Partner Post is a series of blog posts written by our project partners, showcasing the impact of collaborative co-producing. Here Jennifer McKie, Head of Lincolnshire Music Service, shares her experiences of working in partnership with Orchestras Live on Share Sound, our virtual ensembles project taking place digitally across the country during lockdown.
The past year, for all of us, has been challenging beyond words and we've all learnt to adapt and find new ways of working. Music is integral to young people's well-being and this has been so important to us during the pandemic and will continue to play a key role as we move forward. However, here at Lincolnshire Music Service, we've constantly questioned 'Are we doing the right thing?' when making decisions that we never imagined we'd make a few months earlier.
The pandemic brought our current practices to a grinding halt and unless solutions were found quickly, music making activities would cease at a time when they've never been needed more. We took the decision early on to be brave in our decision making and find solutions which were not stopgaps but exciting new opportunities that created new ways of working and partnerships.
Orchestras Live were able to facilitate connections and partnerships which helped to develop new conversations to shape our ideas. This wider team of stakeholders helped to share the risk, bring new strategies and approaches to the table. Rather than moving and adapting our existing ensemble offer online, we created an entirely new advanced ensemble offer for 2020/21 through Share Sound, which benefits from online collaboration and addresses some of our current pre-COVID challenges. Our new Lincolnshire Youth Virtual Orchestra has 100 members ranging in age from 10-20 and who are Grade 4+.
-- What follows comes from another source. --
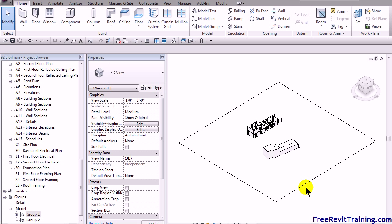But there you go — that is how to find items that are lost in space in Revit. It can be done on all versions. And if you have any questions, check us out on the web at freerevittraining.com. Or if you want to friend us on Facebook, The Revit Guy — that's our location on Facebook. Y'all have a good day.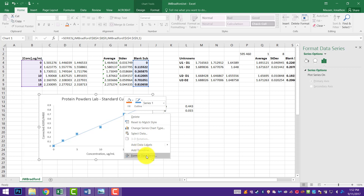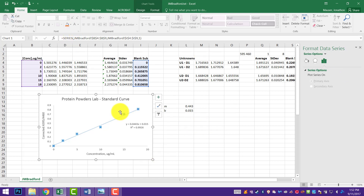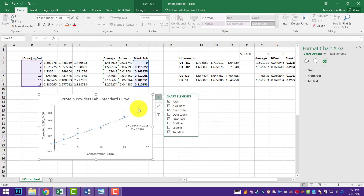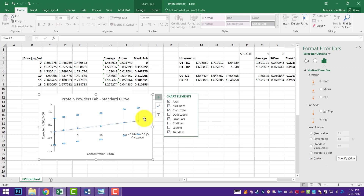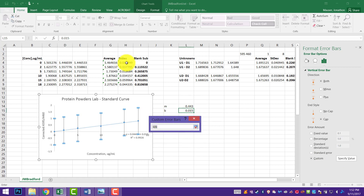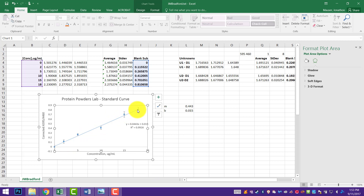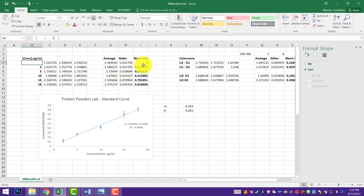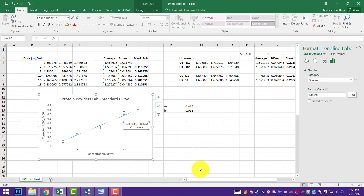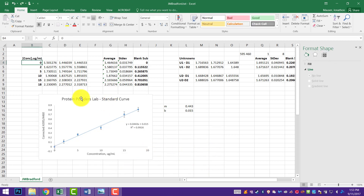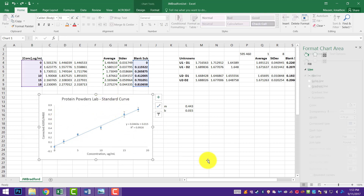I'm going to add error bars — get rid of the horizontals, then go to Custom error bars. I clicked on those, went to Format error bars, and I'm going down to Custom, Specify value. I'll select my standard deviations for the positive error bars, same selection for the negative error bars. You can see I have a little bit of deviation from well to well on some of these. Our R squared value actually went down a little bit when I removed the zero point — it's okay to include your zero, because that's a legitimate piece of data that you measured.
There is only one way to avoid criticism: do nothing, say nothing, and be nothing.
Lincolnshire is a large rural county and online rehearsals actually increase the amount of direct support we are able to offer to young people through online materials/scores, 1:1 sessions, sectionals as well as massed rehearsals. We've been able to focus more on what our young people want in terms of repertoire choices e.g. video gaming music. New partnerships have been formed with the Manchester Video Gaming Orchestra culminating in a spectacular version of Elder Scroll V:Skyrim during December 2020:
In addition we're working with James Redwood and Chineke! who have brought a fresh perspective to classical music for our young musicians by 'Championing change and celebrating diversity in classical music'. This partnership would not have been possible alone and has had a profound impact on our young players in terms of creativity and the music they access.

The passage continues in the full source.